However, it did lead into the discussion with the rest of the Apostles that we mentioned a few days ago. Jesus tells His Apostles that if any of them would be the chief among the rest, that man would be the servant of all the rest. He goes on to give Himself as an example of what He is referring to. He states that the Son of Man did not come to be ministered unto, but rather to minister unto mankind and to give His life as a ransom for all mankind. Jesus could have chosen any life He wanted. He could have been born as a prince for a throne that was not deposed by a foreign nation. He could have come as the military commander the Jews longed for to throw off their oppressors and create a kingdom on this earth that would never be overthrown. However, He chose instead to be born in a stable, with animals and a midwife for His only witness besides His own mother and step-father. His first attendees were shepherds that were watching their flocks on a nearby hill. He chose a life of service to His fellow man.

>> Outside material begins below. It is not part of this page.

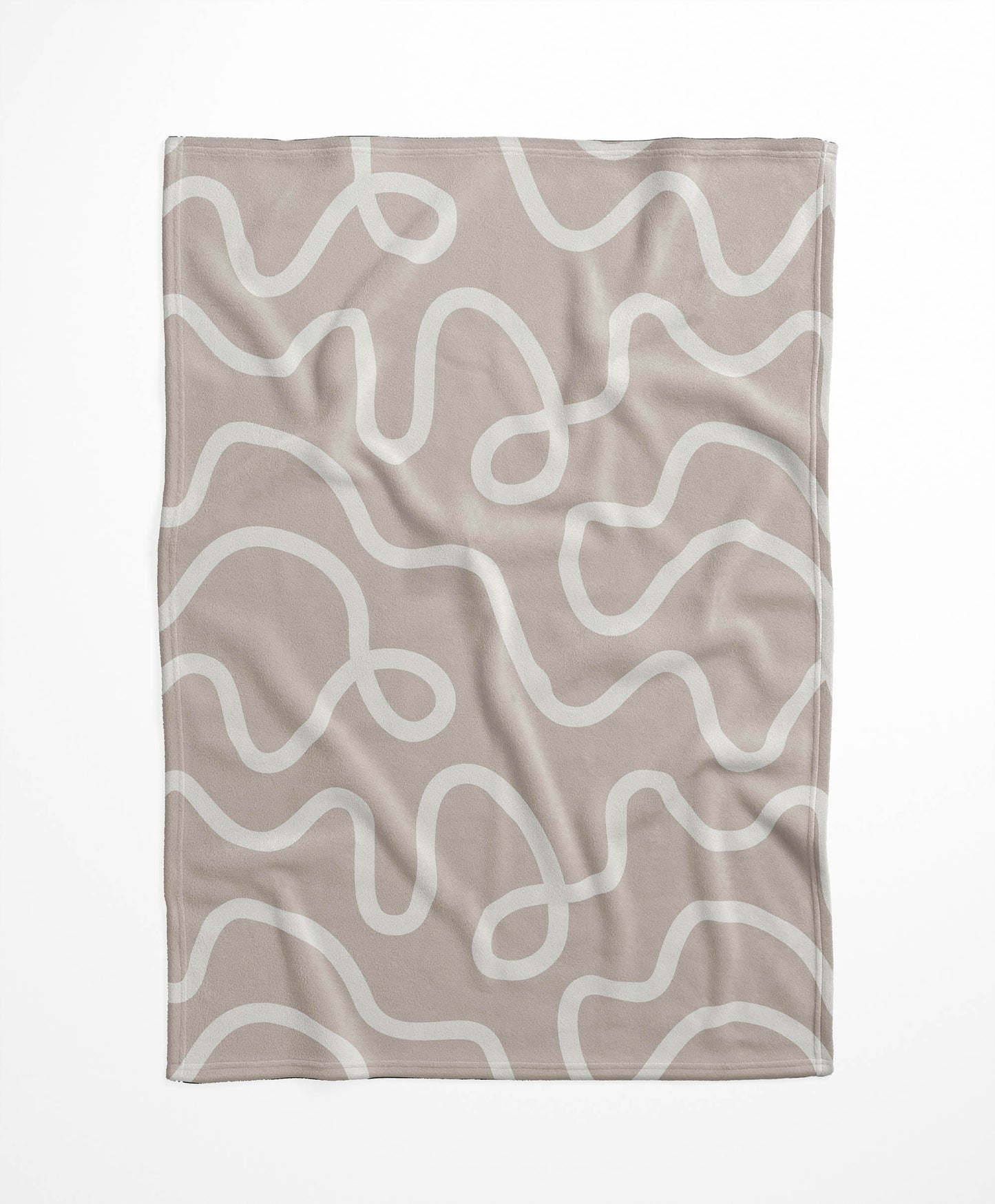 Squig Velveteen Fleece Blanket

If that is the role and life He chose for Himself, shouldn’t we look at our own life as well and see where we stand and what we can be doing better? The noblest thing we can do in this life is to serve our fellow man. I firmly believe that. Parents do it every time they have a new baby. The baby relies on them for everything, it cannot take care of itself in the slightest. That is why it is so easy to love a baby, because service begets love, like we talked about in yesterday’s post. If you need another reason to lose yourself in service, think on this: if we are trying to become like Jesus, shouldn’t try in our earthly life to emulate how He lived His? It makes sense to me. Until tomorrow.

Sunday, June 19, 2011

Marriage and Riches

Today I read Matthew 19, which the first half of the chapter reminded me of when we read Moses 3 and talked about marriage being eternal, even from the beginning. Once again, the Pharisees, come to Christ trying to trap Him by, supposedly, hiding behind the law of Moses. This time, they are trying to trick Him on the matter of marriage. They know Jesus is trying to teach the Jews to live the higher law and rightly so, they guess that Jesus will say that one should not get divorced. So they try and trap Him by stating that Moses taught it was ok to get divorced as long as you give a written bill of divorcement. Jesus replies that it was because of the hardness of the hearts of the Jews that Moses was allowed to teach that divorce was an option.

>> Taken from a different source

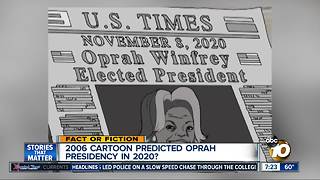 12 year old show predicted Oprah 2020 presidency?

Jesus however teaches them that one should not put away their spouse save in causes of fornication, or adultery, is in the wrong. I have always wondered about this. Because there are most certainly instances where people get divorced for reasons other than adultery and I personally think it is justified. For example any form of abuse in my opinion is simply intolerable and if it is not rectified immediately, should not be allowed to continue. So on the one hand I don't want to say I disagree with the Savior, but I do I guess. I agree that any man and any woman who both go into the marriage agreeing to put the others interest before their own and actively work at making it work all the days of their lives, will have a good, solid, and perchance even a happy marriage. The problem though, is one or both parties do not actively work at it all the days of their lives. One side gets tired of trying and starts to become selfish, doing only what they desire or they want to do all the time. The other side resents the first side and so starts to complain and cracks in the foundation start to appear.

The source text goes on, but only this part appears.